Secondo il comandante del nucleo, Paolo Montorsi, infatti, quelle centinaia di preziose testimonianze dell’età nuragica riportate in Sardegna dopo una trattativa diplomatica, sarebbero frutto degli scavi illegali eseguiti soprattutto da allevatori sardi che conoscono come le loro tasche i terreni, gli anfratti e le grotte dell’isola.
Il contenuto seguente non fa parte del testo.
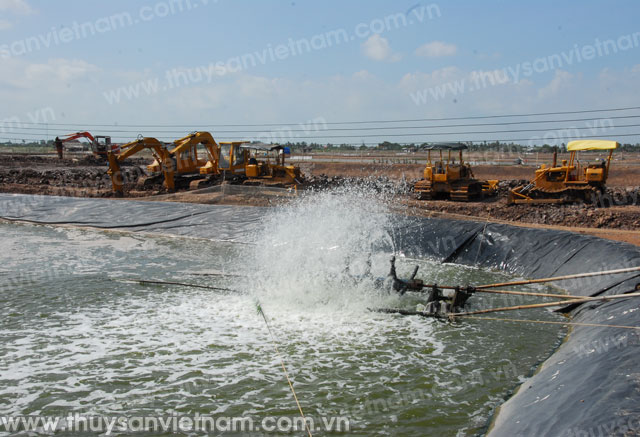 Vĩnh Long: Khảo sát thủy lợi phục vụ nuôi trồng thủy sản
Anche le cronache isolane del recente passato, del resto, testimoniano che il mondo agropastorale sia spesso il principale fornitore di reperti per i ricettatori della Penisola.
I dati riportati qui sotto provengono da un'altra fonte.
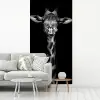 Giraffe - Portret - Dieren - Zwart - Wit fotobehang vinyl groot -woonkamer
«Ma si tratta solo dell’ultimo anello – spiega il comandante Montorsi – perché nella Penisola, poi, ci sono gli altri livelli di questa catena che punta poi a rifornire i ricchi collezionisti, e in Svizzera ce ne sono tanti».
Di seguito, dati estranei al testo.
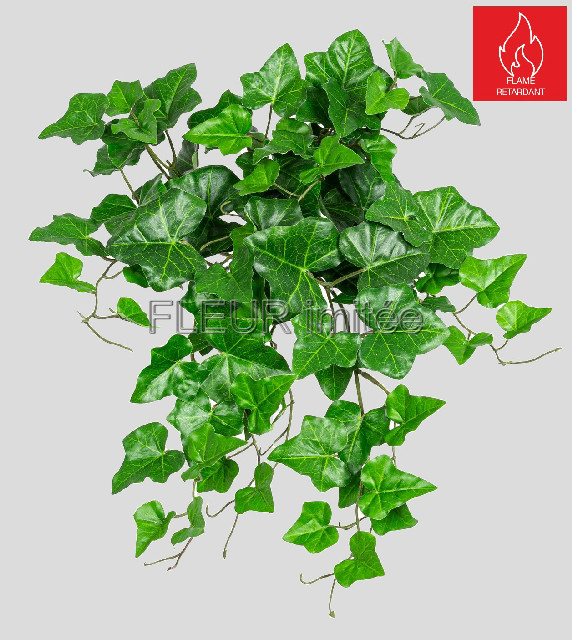 Břečťan pop.50cm  6/72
Il caso scoperto negli ultimi mesi, ovvero la storia dell’emigrato sardo in Svizzera che in punto di morte decide di far tornare la sua collezione di reperti in Sardegna, non è dunque un caso isolato. La vera sfida per gli investigatori, da adesso in poi, sarà risalire alla sua identità, perché gli avvocati dello studio legale di Lugano che sinora ne hanno curato gli interessi non hanno voluto rivelarla agli inquirenti. I carabinieri, per ora, conoscono quantomeno il nome del comune della provincia di Nuoro al quale il ricco emigrato sardo in Svizzera aveva deciso di restituire i 427 reperti.

Per ora, quelle preziose testimonianze dell’epoca nuragica e dell’epoca romana, sono ancora nelle mani degli esperti della Soprintendenza dei beni archeologici di Nuoro e Sassari: dovranno essere analizzati con cura per cercare di capire con esattezza da dove potrebbero essere stati prelevati. L’ipotesi più accreditata, al momento, è che la maggior parte di quei reperti provengano proprio dalla provincia di Nuoro.

Dopo che le analisi verranno concluse, comunque, i reperti, rientrati a tutti gli effetti nel patrimonio dello Stato italiano, a quanto emerso nelle ultime ore verranno donati proprio al comune scelto dall’emigrato sardo nel suo testamento. In qualche modo, dunque, le ultime volontà che il collezionista sardo trapiantato in svizzera aveva espresso nelle sue ultime memorie.

Nel suo testamento, infatti, lo aveva specificato con cura: «Voglio che la mia collezione di reperti torni in Sardegna», e aveva precisato anche il comune al quale voleva donare i reperti. Non è escluso, dunque, che già nelle prossime settimane il suo ultimo desiderio si traduca in realtà.